Милый братец забывает, что я уже несколько раз отводил от них с отцом неприятности, когда они отваживались высунуть нос из уютной норки лицемерия. И что такое «накосячил» во времена, когда любое движение идет вкривь да вкось? Мы играем на крапленых досках. Когда бонзы Кондора – а в этом я ни минуты не сомневаюсь – в один прекрасный день его свергнут, весь Эвмесвиль будет праздновать “liberazione”[30], сиречь переход от явного насилия к анонимному. Солдаты и демагоги издавна сменяют друг друга на политической сцене.

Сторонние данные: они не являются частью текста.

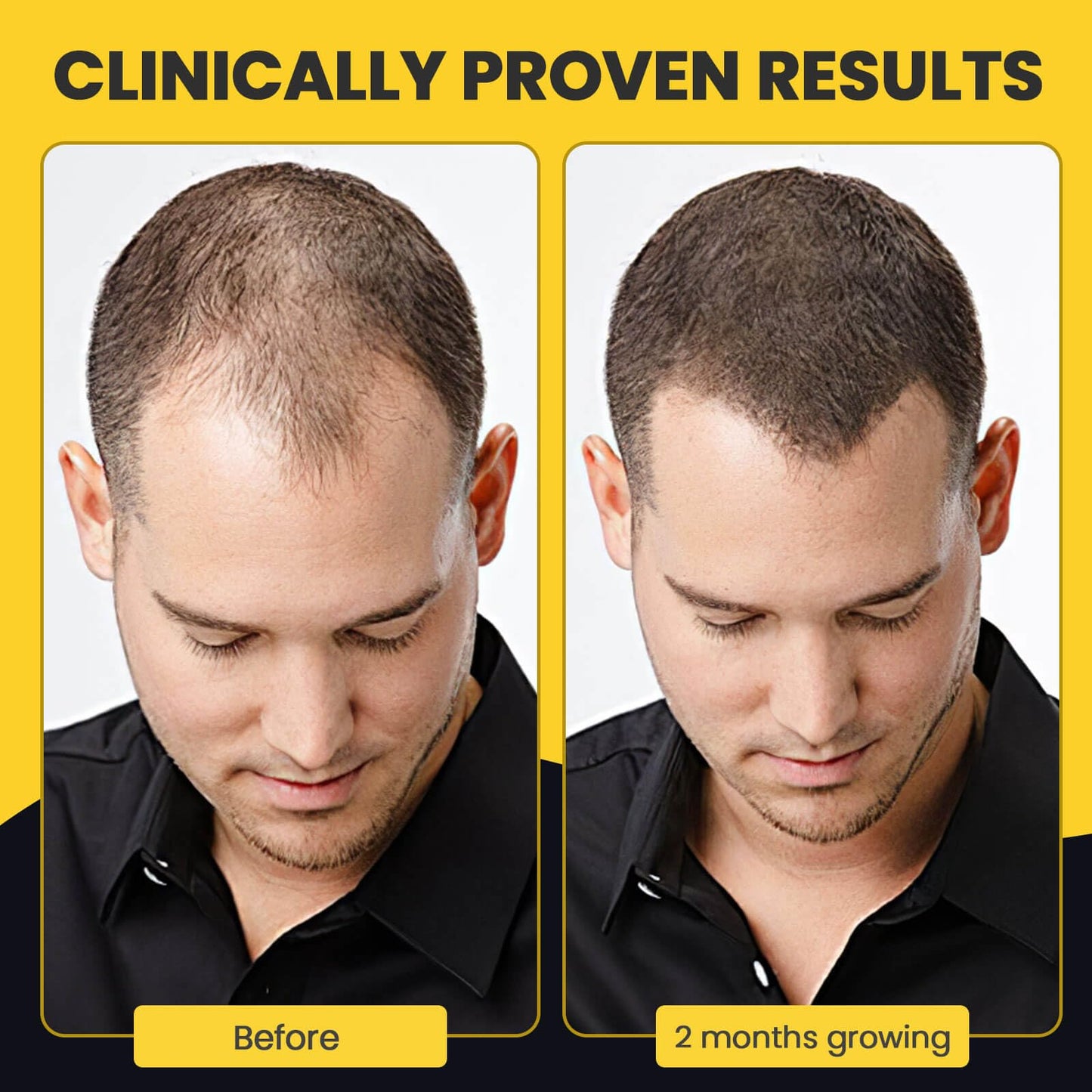 5% Minoxidil for Men and Women Hair Growth with Biotin,Hair Loss Treatments, Unscented Foam, 1 Fl Oz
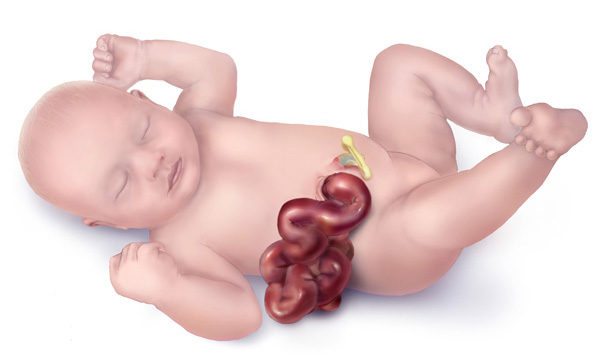 Doctors prepared them for the worst. The horrible effect of gastroschisis looks something like the illustration below. 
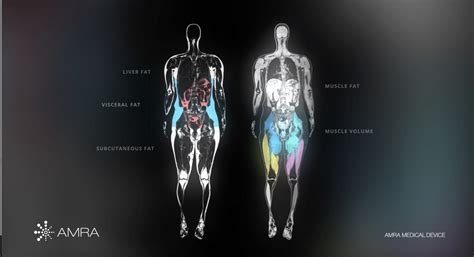 AMRA Medicals MRI Based Muscle Assessment Technology Approved For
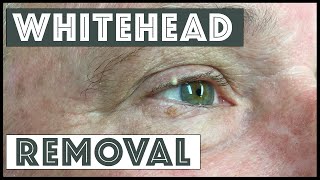 Removing a whitehead from the conjunctival rim [upl. by Idyak709]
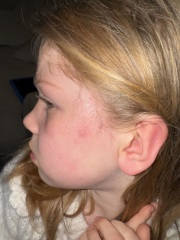 What is this!? Spot on face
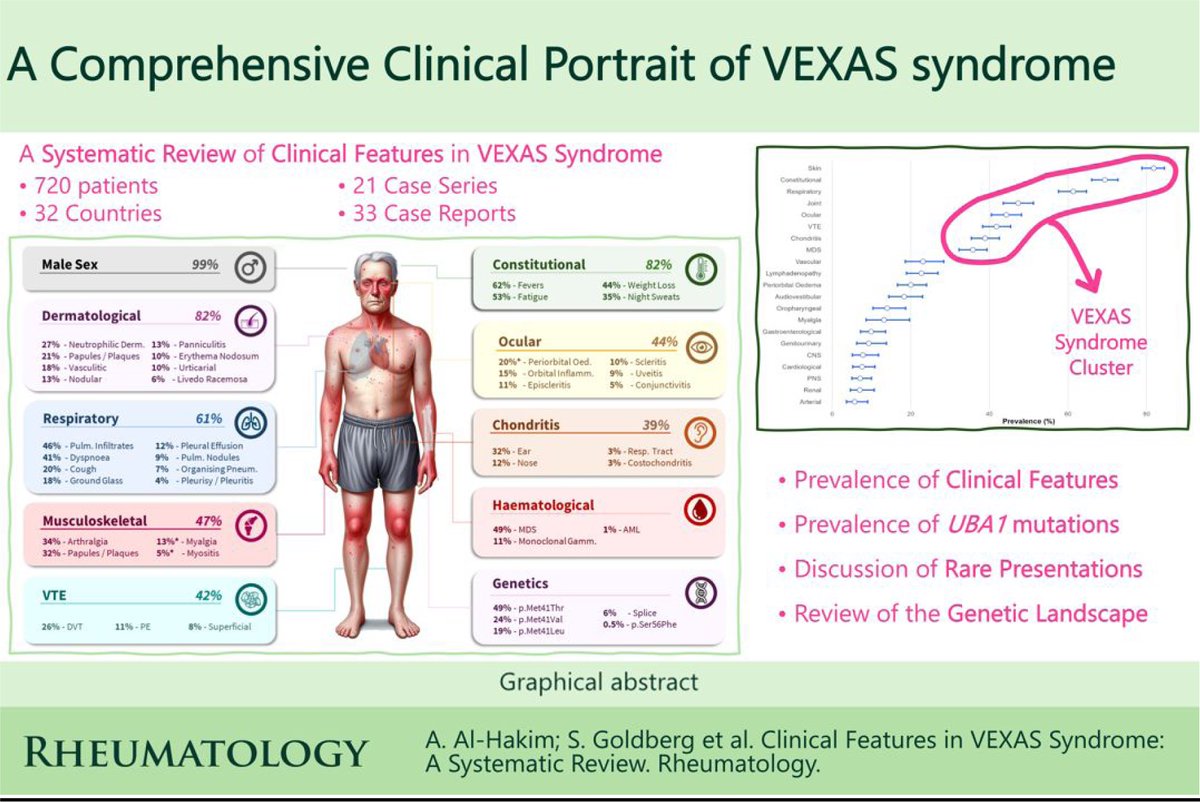 Rheumatology & Rheumatology Advances in Practice (@rheumjnl) on Twitter photo New systematic review by <a href="/sinisauksav/">Siniša Savić</a> et al. characterises the complete phenotypic spectrum of VEXAS syndrome.
➡️These findings will facilitate earlier diagnosis, inform monitoring strategies, and guide future research priorities.
➡️bit.ly/40gp76A New systematic review by <a href="/sinisauksav/">Siniša Savić</a> et al. characterises the complete phenotypic spectrum of VEXAS syndrome.
➡️These findings will facilitate earlier diagnosis, inform monitoring strategies, and guide future research priorities.
➡️bit.ly/40gp76A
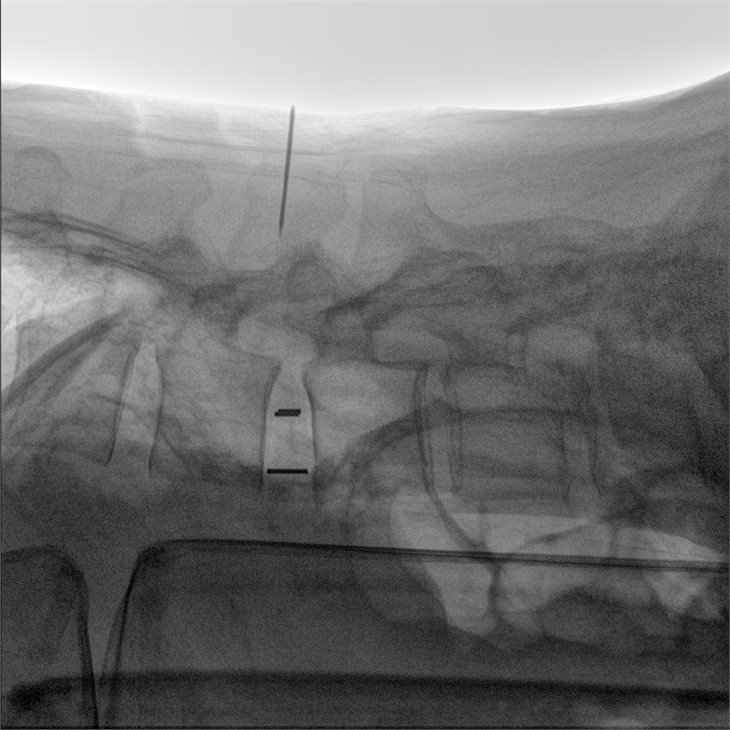 C7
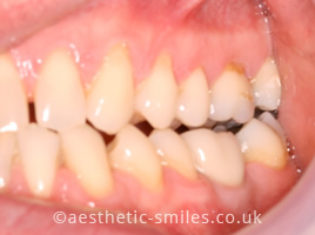 After - Smile Perfections Dental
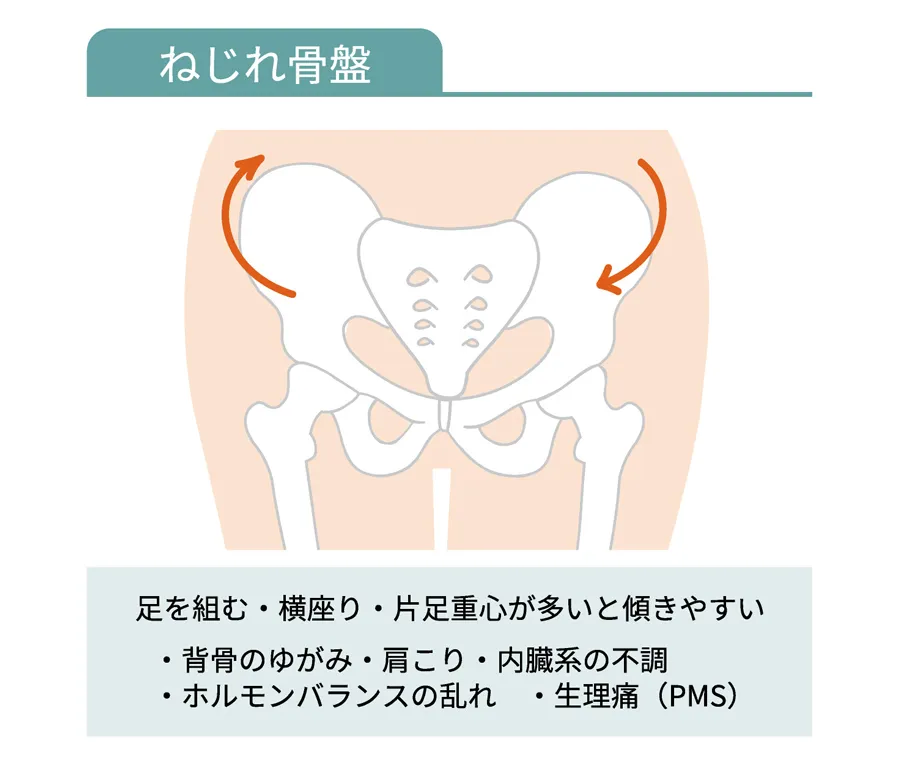 ねじれた骨盤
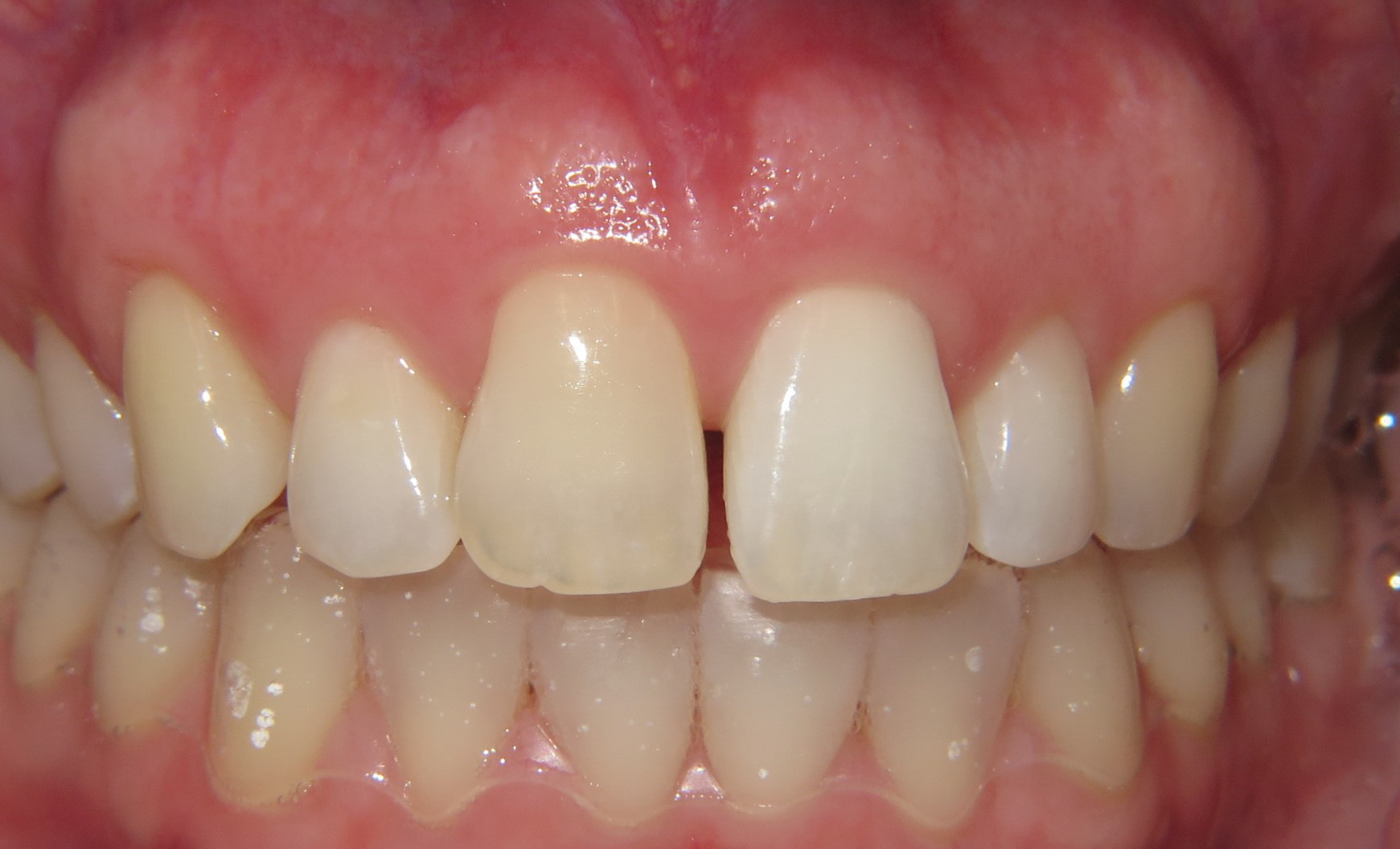 Intracoronal Bleaching for Kirkland, WA Prime Endodontics Endodontists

Хотя я не устаю изучать все это в люминаре, мне кажется, что нашей науке так до сих пор и не удалось четко разграничить типы тиранов, деспотов и демагогов. Понятия перетекают друг в друга, и разделить их трудно, ведь все они глубоко укоренены в человеческой природе и весьма переменчивы от индивида к индивиду. На практике поэтому с восторгом приветствуют каждого, кто «захватывает власть».
Человек рождается на свет насильником, которого укрощает окружающий мир. Если же ему все-таки удается сбросить путы, он может рассчитывать на аплодисменты, ведь каждый тотчас узнает в нем себя. Глубоко въевшиеся в плоть, погребенные в ней мечты становятся реальностью. Необузданность бросает свет волшебства даже на преступление, каковое отнюдь не случайно составляет главную часть эвмесвильских развлечений. Мне, анарху, не лишенному права на участие, но свободному от него, это понятно. Свобода имеет широчайший диапазон и больше граней, чем бриллиант.
* * *Эту часть моих штудий я провел специально, чтобы полностью представить себе физический и моральный облик Кондора. В люминаре я просмотрел целую гамму таких типов, а также эпохи, когда их число увеличивалось: греческие и в особенности сицилийские города, малоазийские сатрапии, поздние римские и византийские империи, города-государства Возрождения, в том числе и, по заданию Виго, неоднократно изучал взятие Флоренции и Венеции, далее следовали очень короткие и кровавые бунты охлоса, ночи топоров и длинных ножей, и, наконец, длительные диктатуры пролетариата с их множественными подоплеками и оттенками.
Дни и ночи, проведенные в люминаре, ведут в лабиринт, где я боюсь заблудиться; ведь жизнь так коротка. Но сколь безмерно растягиваются времена и эпохи, когда входишь в них через узкую калитку. Сущее колдовство, тут мне не нужны наркотики; да, пожалуй, не нужен и бокал, который я сейчас держу в руке.
Возьмем, например, «Хронику Перуджи» Франческо Матараццо[31], историю города, одного из многих, в стране, одной из многих, – сюда же я добавляю и изображения этрусских ворот, хоров Пизано, Бальони, Пьетро Перуджино, двенадцатилетнего Рафаэля. Уже эта выборка открывает взору безбрежную даль – и так с любым источником, с любым пунктом предания, какого бы я ни коснулся. Сначала легкий треск, потом вспышка света – разряд исторического аккумулятора в его целостной, нерасчлененной силе. Друзья и враги, злодеи и жертвы внесли в этот свет все, что могли.